>>

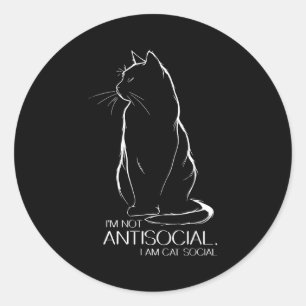 Adesivo Redondo Gato não anti-social gato social piada de gato mem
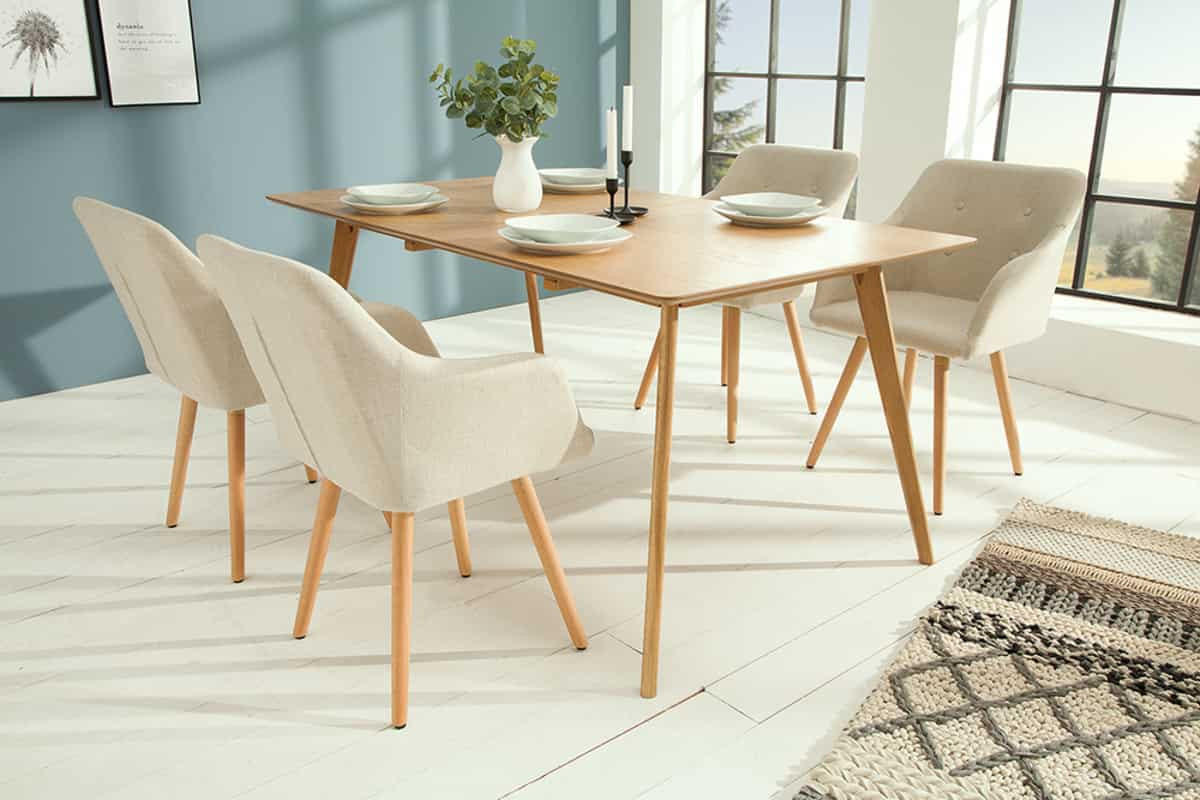 STUHL SCANDINAVIA MEISTERSTÜCK Strukturstoff Beige 85 cm - Beige/Braun, Holz/Textil (55/85/55cm) - riess-ambiente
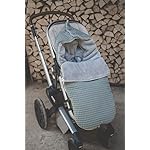 Koeka Kinderwagen Fußsack - Buggy Schlafsack - Mit Teddy Gefüttert - Mit Kapuze - Oslo - Waffelstoff Aus Baumwolle - Atmungsaktiv - Abwaschbar - Grün/Grau - Einheitsgröße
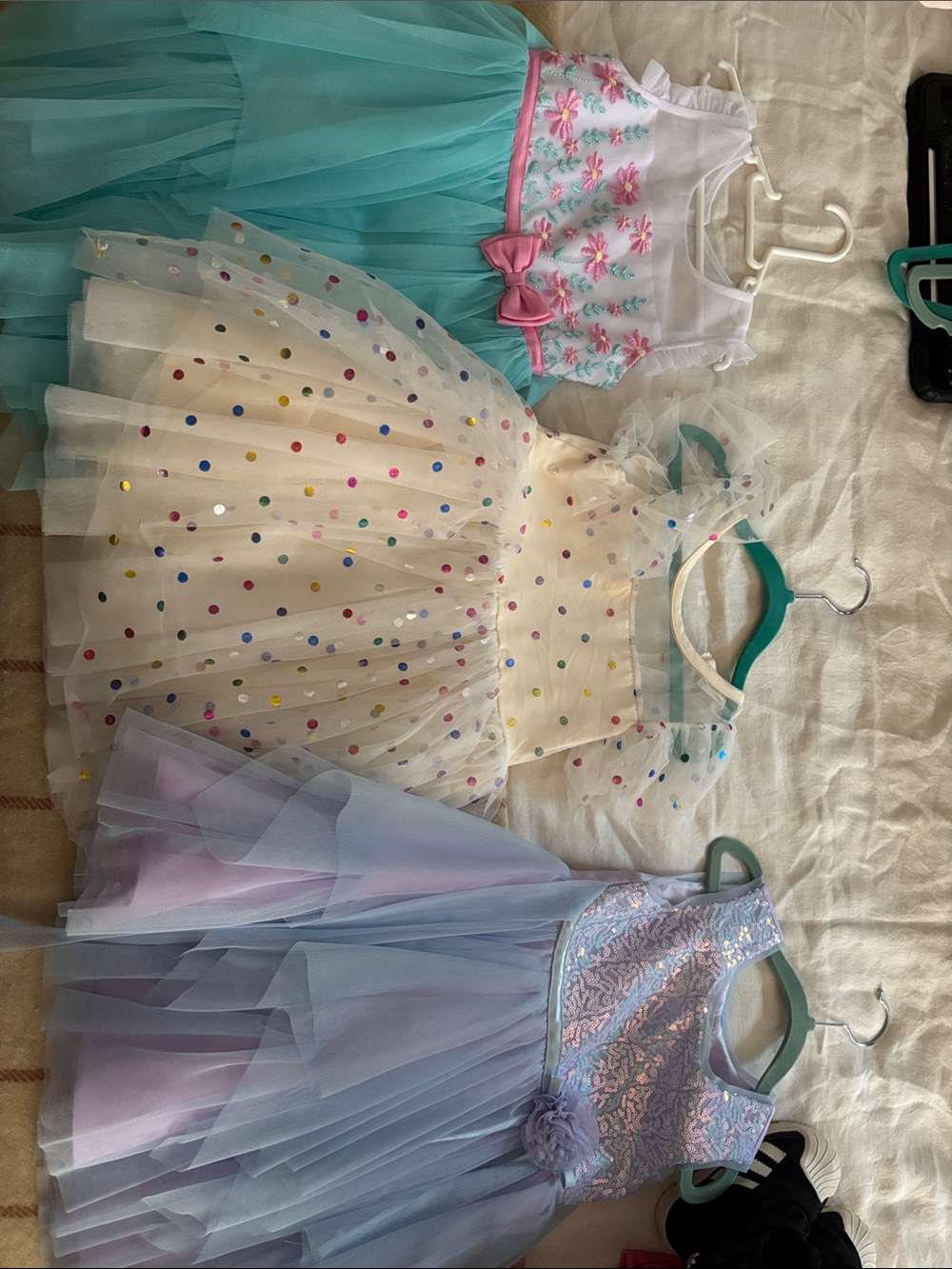 Girls' Pastel Tulle Party Dress - Lavender, Mint, Ivory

<<

All the lines above are to be reproduced exactly, except the pictures.

> Problem solution:
 Adesivo Redondo Gato não anti-social gato social piada de gato mem
 STUHL SCANDINAVIA MEISTERSTÜCK Strukturstoff Beige 85 cm - Beige/Braun, Holz/Textil (55/85/55cm) - riess-ambiente
 Koeka Kinderwagen Fußsack - Buggy Schlafsack - Mit Teddy Gefüttert - Mit Kapuze - Oslo - Waffelstoff Aus Baumwolle - Atmungsaktiv - Abwaschbar - Grün/Grau - Einheitsgröße
 Girls' Pastel Tulle Party Dress - Lavender, Mint, Ivory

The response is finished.